The primary defense I suggest to a young engineer is for him to take ownership of his schedule. This requires him to plan out a detailed, day-by-day work schedule for the coming three weeks or so. This schedule should be sane and have enough margin so that family time will not automatically be sacrificed if any of the usual office mishaps or snags pop up. This schedule should then be updated each week. As part of the scheduling process, it is good for the engineer to discuss this planning with his wife and agree upon goals for family time during the coming three weeks. (These discussions generally help to reduce wifely surprise and aggravation and the resultant nagging.)
Some engineers, whether from timidity or laziness, passively wait for their boss to hand them a schedule instead of actively influencing the scheduling process. This is a mistake. A good engineer should be a problem solver, not a lackey. The first step to solving a problem is to define the problem properly. The engineer needs to define his schedule problem in terms of getting the work done while still protecting family time.

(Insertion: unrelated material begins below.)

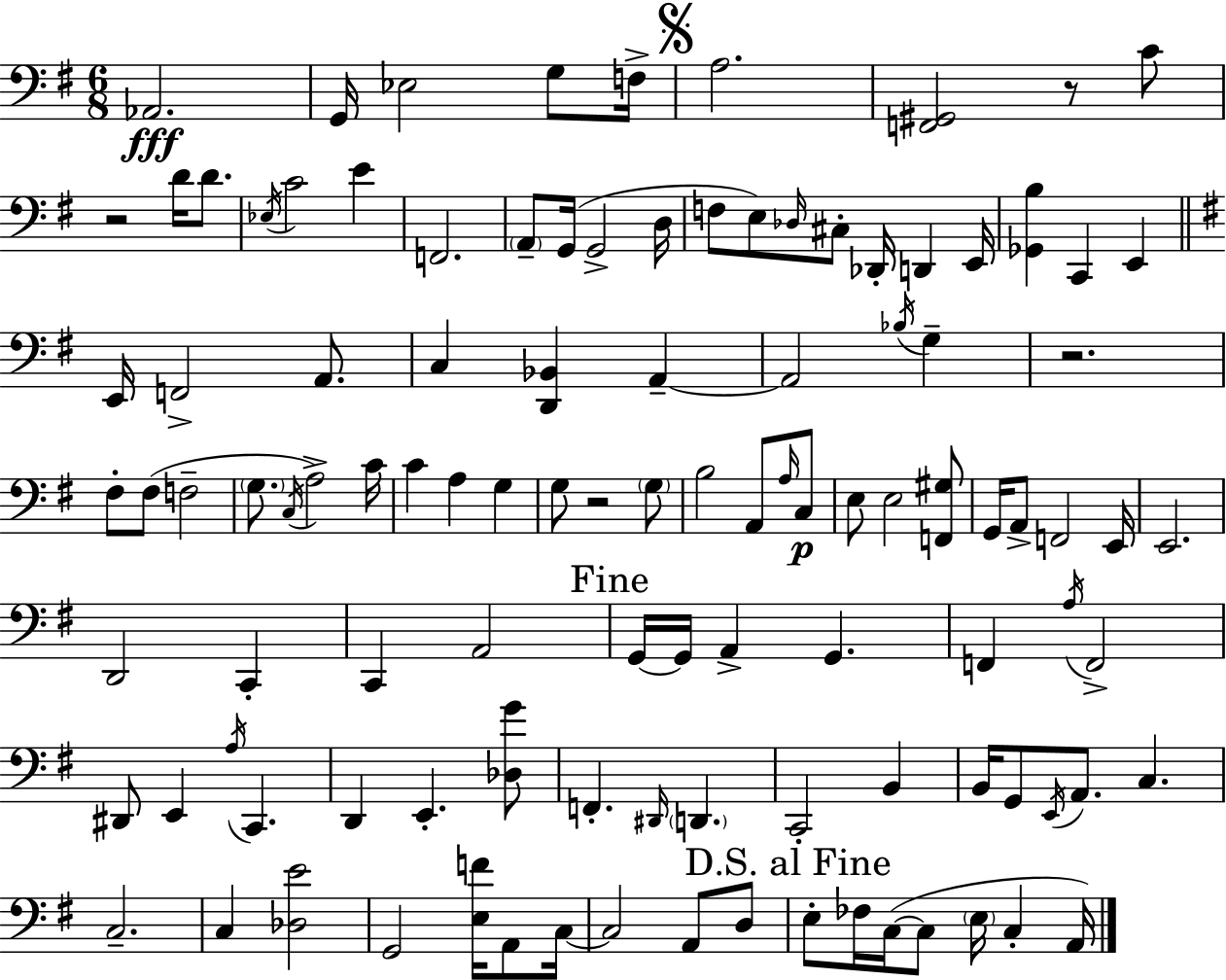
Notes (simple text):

Ab2/h. G2/s Eb3/h G3/e F3/s A3/h. [F2,G#2]/h R/e C4/e R/h D4/s D4/e. Eb3/s C4/h E4/q F2/h. A2/e G2/s G2/h D3/s F3/e E3/e Db3/s C#3/e Db2/s D2/q E2/s [Gb2,B3]/q C2/q E2/q E2/s F2/h A2/e. C3/q [D2,Bb2]/q A2/q A2/h Bb3/s G3/q R/h. F#3/e F#3/e F3/h G3/e. C3/s A3/h C4/s C4/q A3/q G3/q G3/e R/h G3/e B3/h A2/e A3/s C3/e E3/e E3/h [F2,G#3]/e G2/s A2/e F2/h E2/s E2/h. D2/h C2/q C2/q A2/h G2/s G2/s A2/q G2/q. F2/q A3/s F2/h D#2/e E2/q A3/s C2/q. D2/q E2/q. [Db3,G4]/e F2/q. D#2/s D2/q. C2/h B2/q B2/s G2/e E2/s A2/e. C3/q. C3/h. C3/q [Db3,E4]/h G2/h [E3,F4]/s A2/e C3/s C3/h A2/e D3/e E3/e FES3/s C3/s C3/e E3/s C3/q A2/s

Once the engineer has created his three-week schedule, he needs to explain/sell this schedule to his boss. If the detailed schedule is reasonable and supports the overall project schedule's delivery milestones, his boss will usually concur. After all, his boss has plenty of headaches of his/her own and will likely be grateful that the engineer is taking responsibility for planning his own work. The boss's concurrence yields the happy result that the detailed schedule now becomes the basis for the boss's expectations. If snags arise, the detailed schedule gives the engineer a credible way to quantify consequences and propose mitigation (e.g., adding manpower, reducing scope of the effort, or using some of the schedule margin held by management to avoid a day for day slip of the final delivery date). In the absence of a detailed schedule, there is less accountability. A boss could insist on keeping the final delivery date fixed and expect the engineer to donate his free hours (family time) to overcome the snag. This is often expressed in the tiresome words: "You're a professional. We expect you to do what it takes to get your work done."
The detailed schedule is not a perfect defense. There are sometimes legitimate crisis situations that call for extraordinary effort: viz., urgent proposal writing to capture new business, meeting the final deadline for a system delivery, and responding to major calamities. These crisis situations are typically short and intense, a matter of several exhausting weeks. The engineer ought to do what is necessary to deal with the crisis. However, if an engineer finds himself continually working in crisis mode, it is a clear sign of management incompetence or an industry in trouble. (I worked in perpetual crisis mode right before the synthetic fuels industry collapsed in the 1980s. My copious amounts of donated time profited me nothing.)
The second defensive strategy to protect family time is to inform your boss of family plans and obligations ahead of time, such as: "I'm taking the family on a boat trip next weekend." The idea is to define a discrete period of family time and remove it from consideration as open time that work can spill into. Most bosses will hesitate to ask you to work extra hours if it means explicitly telling you to cancel your plans.
All in all, the key to life balance is valuing family time enough to intentionally preserve room for it as you arrange your work schedule. Scheduling becomes a bit more difficult but the rewards are great.